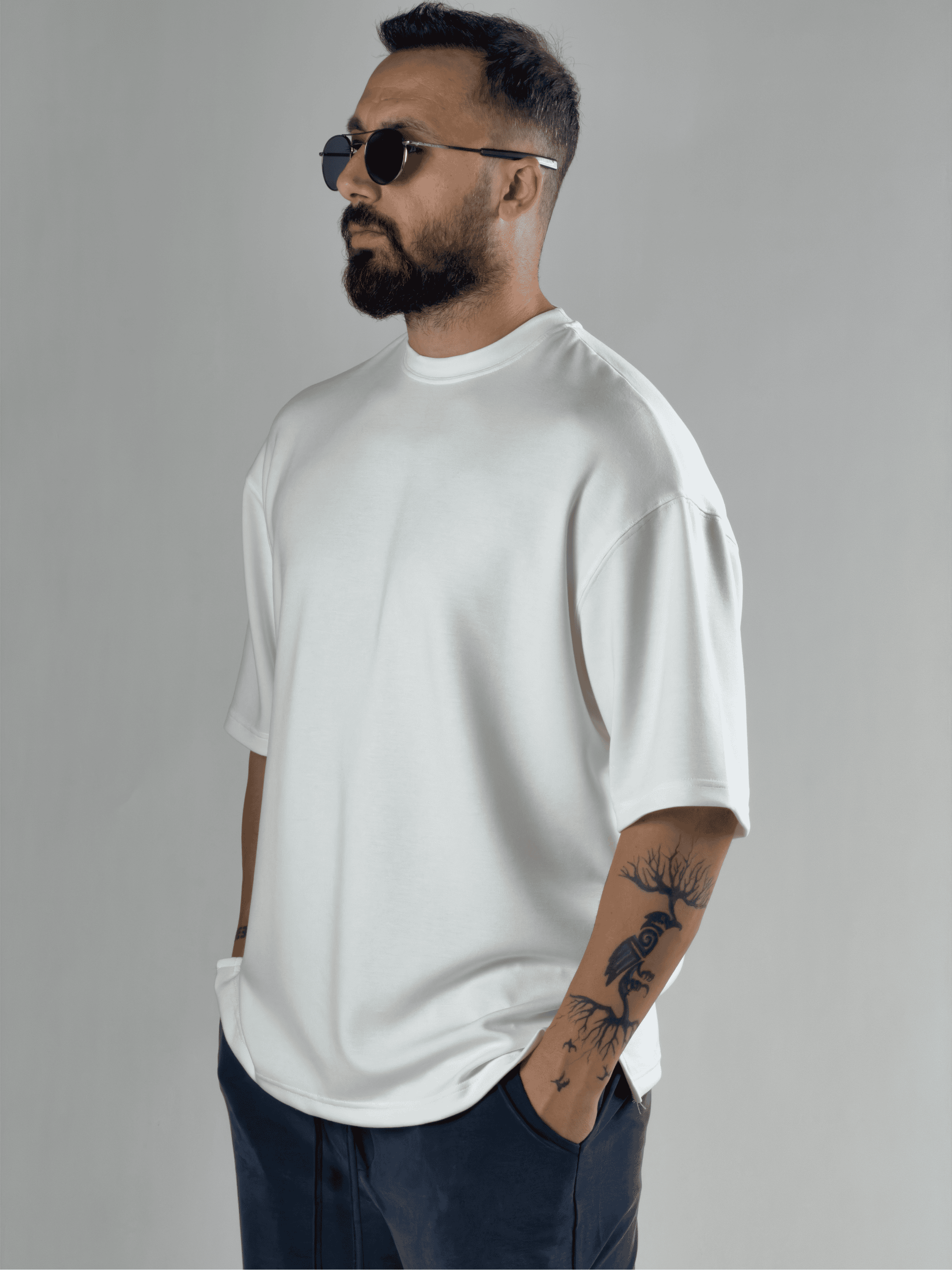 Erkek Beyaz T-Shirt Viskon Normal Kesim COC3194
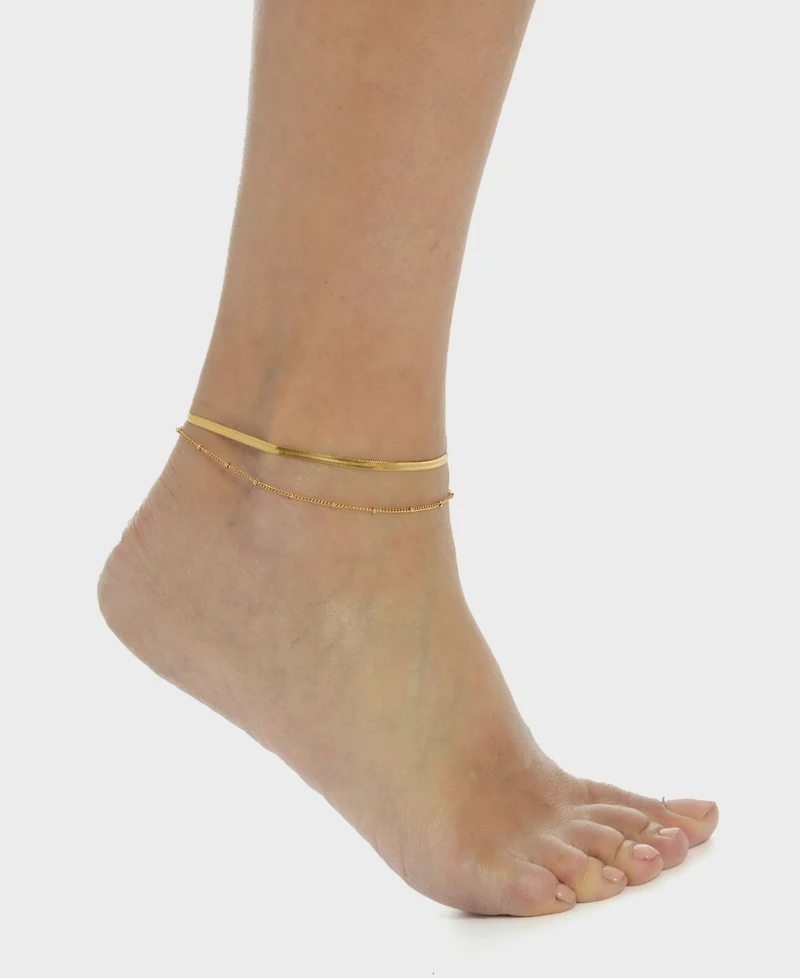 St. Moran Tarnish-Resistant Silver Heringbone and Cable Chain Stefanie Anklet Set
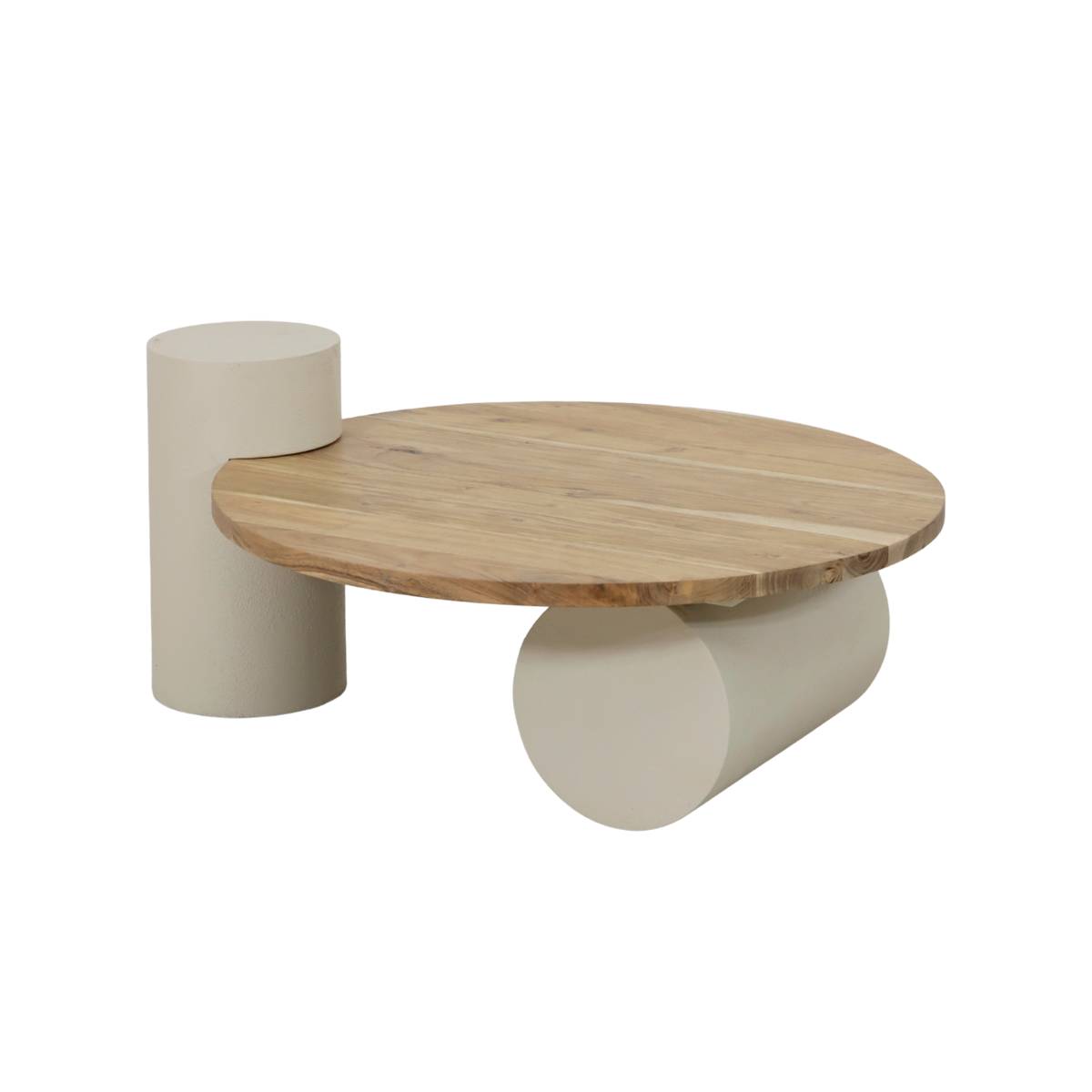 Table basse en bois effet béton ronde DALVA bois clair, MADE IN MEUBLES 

→ Description of the task
Give back an exact copy of the material above, omitting the pictures.

→ Solution to this exercise
 Erkek Beyaz T-Shirt Viskon Normal Kesim COC3194
 St. Moran Tarnish-Resistant Silver Heringbone and Cable Chain Stefanie Anklet Set
 Table basse en bois effet béton ronde DALVA bois clair, MADE IN MEUBLES 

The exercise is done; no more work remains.